[Scraped caption text data]
-*-*-

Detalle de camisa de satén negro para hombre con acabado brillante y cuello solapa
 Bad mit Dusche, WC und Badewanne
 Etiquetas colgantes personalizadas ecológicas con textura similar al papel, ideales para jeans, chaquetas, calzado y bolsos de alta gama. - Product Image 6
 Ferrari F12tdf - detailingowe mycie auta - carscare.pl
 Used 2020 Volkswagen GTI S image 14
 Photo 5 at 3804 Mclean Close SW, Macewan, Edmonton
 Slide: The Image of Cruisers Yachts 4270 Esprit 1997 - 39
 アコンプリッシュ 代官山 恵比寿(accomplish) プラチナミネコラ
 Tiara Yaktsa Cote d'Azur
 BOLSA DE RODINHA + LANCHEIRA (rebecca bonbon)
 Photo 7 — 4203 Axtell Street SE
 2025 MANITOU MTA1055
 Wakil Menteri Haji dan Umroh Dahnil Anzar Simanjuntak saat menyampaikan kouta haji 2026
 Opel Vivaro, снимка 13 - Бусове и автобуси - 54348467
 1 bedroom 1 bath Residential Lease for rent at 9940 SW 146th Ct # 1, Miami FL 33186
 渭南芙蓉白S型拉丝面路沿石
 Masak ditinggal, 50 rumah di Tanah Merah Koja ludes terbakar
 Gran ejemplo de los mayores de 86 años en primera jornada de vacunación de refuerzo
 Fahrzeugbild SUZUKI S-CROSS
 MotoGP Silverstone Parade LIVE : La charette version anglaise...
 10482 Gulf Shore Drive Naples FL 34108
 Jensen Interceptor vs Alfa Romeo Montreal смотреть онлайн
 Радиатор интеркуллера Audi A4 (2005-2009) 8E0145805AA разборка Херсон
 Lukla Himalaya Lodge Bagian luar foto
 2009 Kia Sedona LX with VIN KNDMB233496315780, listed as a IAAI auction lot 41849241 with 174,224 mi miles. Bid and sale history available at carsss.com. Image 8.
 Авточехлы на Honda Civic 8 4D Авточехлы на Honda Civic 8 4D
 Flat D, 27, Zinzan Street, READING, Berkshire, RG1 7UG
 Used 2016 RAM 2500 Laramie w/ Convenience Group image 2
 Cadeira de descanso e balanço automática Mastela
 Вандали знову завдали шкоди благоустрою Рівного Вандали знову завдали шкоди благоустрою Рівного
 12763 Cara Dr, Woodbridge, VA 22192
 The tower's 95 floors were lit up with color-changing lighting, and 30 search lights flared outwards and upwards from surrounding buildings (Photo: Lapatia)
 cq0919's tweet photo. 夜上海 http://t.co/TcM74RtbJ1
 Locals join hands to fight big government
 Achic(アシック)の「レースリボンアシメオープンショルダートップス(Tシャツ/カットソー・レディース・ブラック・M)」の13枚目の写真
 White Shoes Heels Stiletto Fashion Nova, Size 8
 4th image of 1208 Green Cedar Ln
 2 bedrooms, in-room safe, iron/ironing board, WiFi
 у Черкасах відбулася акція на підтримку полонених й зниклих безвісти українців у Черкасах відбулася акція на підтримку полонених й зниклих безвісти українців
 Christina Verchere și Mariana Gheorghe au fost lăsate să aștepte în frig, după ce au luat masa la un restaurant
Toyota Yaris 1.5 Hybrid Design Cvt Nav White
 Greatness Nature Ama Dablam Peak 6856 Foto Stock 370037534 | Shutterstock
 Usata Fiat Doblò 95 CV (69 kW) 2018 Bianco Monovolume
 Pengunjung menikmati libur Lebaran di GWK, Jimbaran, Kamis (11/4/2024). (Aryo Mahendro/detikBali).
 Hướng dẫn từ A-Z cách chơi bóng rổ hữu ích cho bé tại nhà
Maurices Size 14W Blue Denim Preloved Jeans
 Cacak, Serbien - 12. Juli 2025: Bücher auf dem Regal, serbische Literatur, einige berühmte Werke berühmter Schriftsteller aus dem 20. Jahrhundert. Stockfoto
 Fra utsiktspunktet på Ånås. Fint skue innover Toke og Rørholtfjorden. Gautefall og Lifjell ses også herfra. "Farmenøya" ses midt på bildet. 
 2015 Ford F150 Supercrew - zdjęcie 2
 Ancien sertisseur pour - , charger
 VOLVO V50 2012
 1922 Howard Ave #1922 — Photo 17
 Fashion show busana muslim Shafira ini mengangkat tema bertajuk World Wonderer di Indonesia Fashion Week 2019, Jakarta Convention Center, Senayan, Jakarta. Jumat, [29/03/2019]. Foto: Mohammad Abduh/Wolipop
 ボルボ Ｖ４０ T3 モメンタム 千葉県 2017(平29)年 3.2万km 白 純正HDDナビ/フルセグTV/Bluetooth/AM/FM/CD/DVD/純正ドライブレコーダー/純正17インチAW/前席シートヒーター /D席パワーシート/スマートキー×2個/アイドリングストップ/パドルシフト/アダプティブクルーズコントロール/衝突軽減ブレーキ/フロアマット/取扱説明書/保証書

-*-*-

The line containing "VOLVO V50 2012" and all lines after it, to the end of the records, are to be output exactly and alone.

 VOLVO V50 2012
 1922 Howard Ave #1922 — Photo 17
 Fashion show busana muslim Shafira ini mengangkat tema bertajuk World Wonderer di Indonesia Fashion Week 2019, Jakarta Convention Center, Senayan, Jakarta. Jumat, [29/03/2019]. Foto: Mohammad Abduh/Wolipop
 ボルボ Ｖ４０ T3 モメンタム 千葉県 2017(平29)年 3.2万km 白 純正HDDナビ/フルセグTV/Bluetooth/AM/FM/CD/DVD/純正ドライブレコーダー/純正17インチAW/前席シートヒーター /D席パワーシート/スマートキー×2個/アイドリングストップ/パドルシフト/アダプティブクルーズコントロール/衝突軽減ブレーキ/フロアマット/取扱説明書/保証書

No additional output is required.